Il tortuoso percorso verso una cura efficace
Nonostante la preoccupante epidemiologia sopra descritta, medici e ricercatori sono ancora piuttosto ignari dei meccanismi che causano (e mantengono) il Morbo di Alzheimer. Non potendo agire sulle cause, nessuno tra i trattamenti (farmacologici e psicologici) che vengono proposti oggi è in grado di arrestare il disturbo. L’unica strada percorribile attualmente, dunque, è quella che ha come obiettivo l’attenuazione (temporanea) di alcuni sintomi nell’ottica di rallentare la progressione della malattia, riducendone l’impatto individuale e sociale.
Perchè non esiste ancora una cura?
Se la patologia è stata descritta per la prima volta dal dott.

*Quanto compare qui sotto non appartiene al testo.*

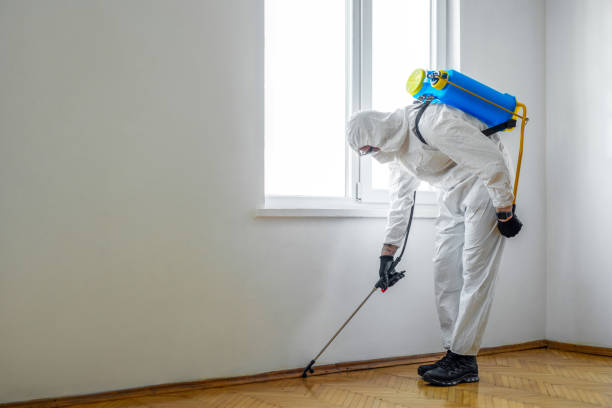 Best Flea Control Services  in Juarez, TX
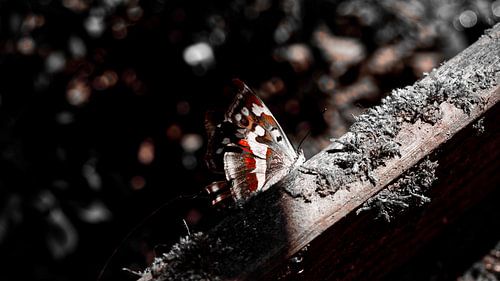 Derniers jours en tant que papillon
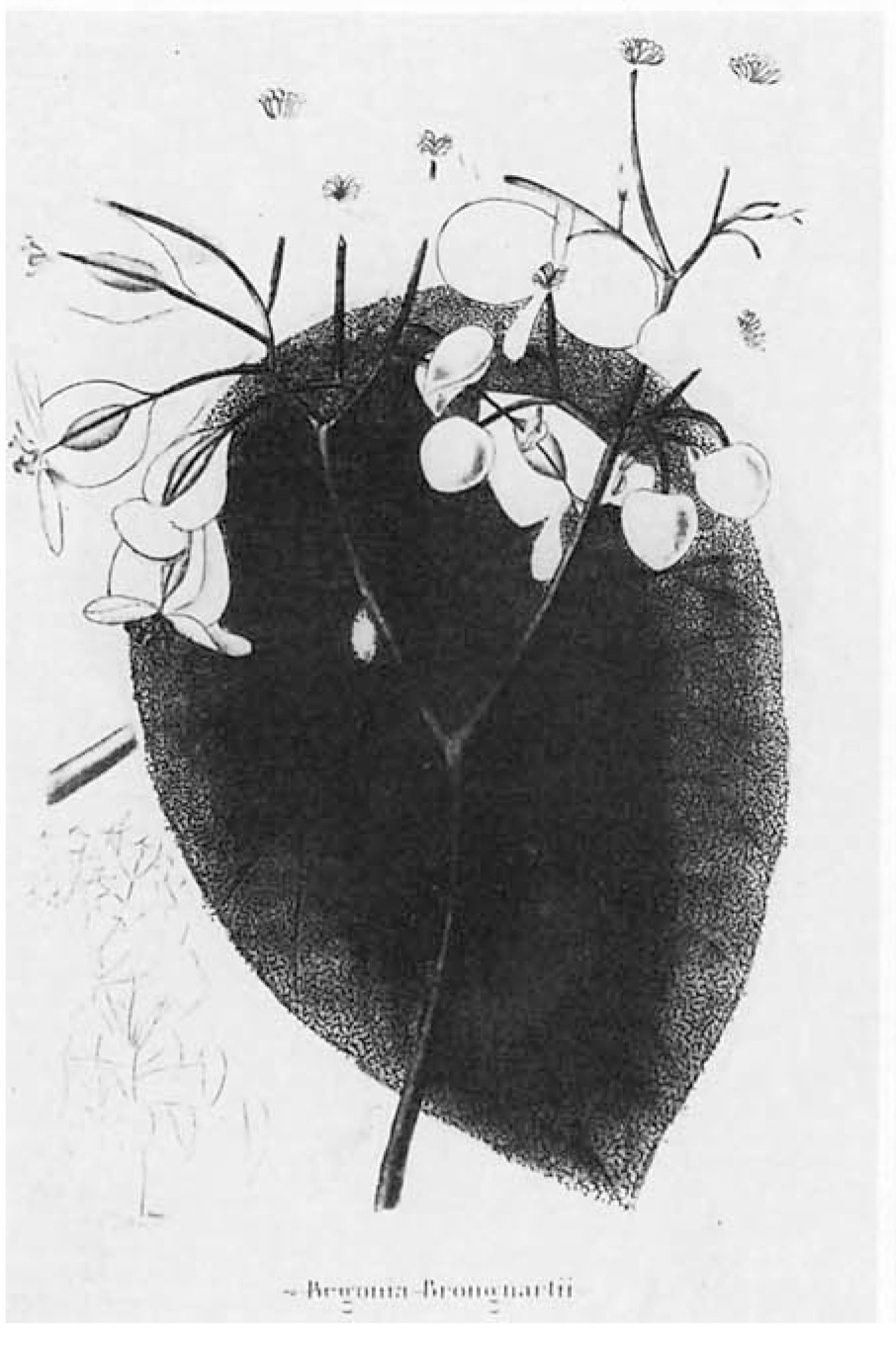 B. brongniartii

Alzheimer nel 1906, perchè a distanza di più di cento anni non abbiamo ancora una cura?
La risposta sta nella complessità di questa malattia, che colpisce svariate aree del cervello e altrettante funzioni: una malattia multifattoriale e molto articolata, che inizia a svilupparsi molto prima dell’esordio sintomatologico e che spesso, nei primi stadi, viene confusa (dal 62% degli operatori sanitari!) con altre patologie o con le conseguenze di un fisiologico invecchiamento. Inoltre, nonostante la prima descrizione del Morbo sia avvenuta più di un secolo fa, solo nel 1984 è stata scoperta la formazione della proteina amiloide, già precedentemente citata in questo articolo come uno dei principali responsabili della malattia.
Traguardi e speranze
Date le difficoltà sopra descritte nel trovare una cura, i ricercatori hanno deciso di concentrarsi (per ora) su un altro tipo di studi, il cui obiettivo è quello di intercettare il più precocemente possibile (dunque ancor prima della comparsa dei sintomi) i segnali di un futuro esordio di malattia.
Di fatto negli ultimi decenni gli scienziati hanno scoperto i fattori chiave dell’Alzheimer: la proteina tau e la già citata proteina amiloide (sugli effetti della quale si stanno anche sviluppando alcuni farmaci), entrambe rilevabili attraverso specifici esami medici.Un altro grande traguardo è stato riuscire a definire criteri diagnostici standardizzati e linee guida condivise a livello internazionale specifici per l’Alzheimer: insieme agli esami sopracitati ciò permette anche, oggi, di distinguere il Morbo da altre patologie cerebrali che, a differenza della demenza, sono curabili.
Un nuovo test diagnostico
“Ai primi sintomi, la malattia è già in moto da vent’anni”, spiega Mathias Jucker, dell’Hertie-Institut fur klinische Hirnforschung di Tubinga, Germania.Data quindi l’importanza della diagnosi precoce di questo tipo di malattia, la ricerca sta sviluppando nuove metodologie per individuarla. Oltre alla diagnosi clinica (che considera primariamente i sintomi tipici del Morbo), accanto agli usuali – ma costosi, invasivi e talvolta fuorvianti- metodi (la PET amiloide e il prelievo di liquido cerebrospinale), recentemente negli Stati Uniti è stato collaudato un nuovo test: si tratta di un semplice prelievo di sangue che consente di calcolare la probabilità che nel cervello vi siano placche amiloidi, segno tipico di questa patologia.
Una dedica all’Alzheimer, per immagini
“Per le persone con Alzheimer, il passato diventa parte del presente. I ricordi lontani passano dallo sfondo al primo piano”.Vogliamo concludere questo articolo con le parole di Gregg Segal, fotografo, che ha dedicato il suo Progetto “Remebered” alle persone che soffrono il Morbo di Alzheimer, con il nostro invito ad andare a dare un’occhiata alle sue emozionanti immagini.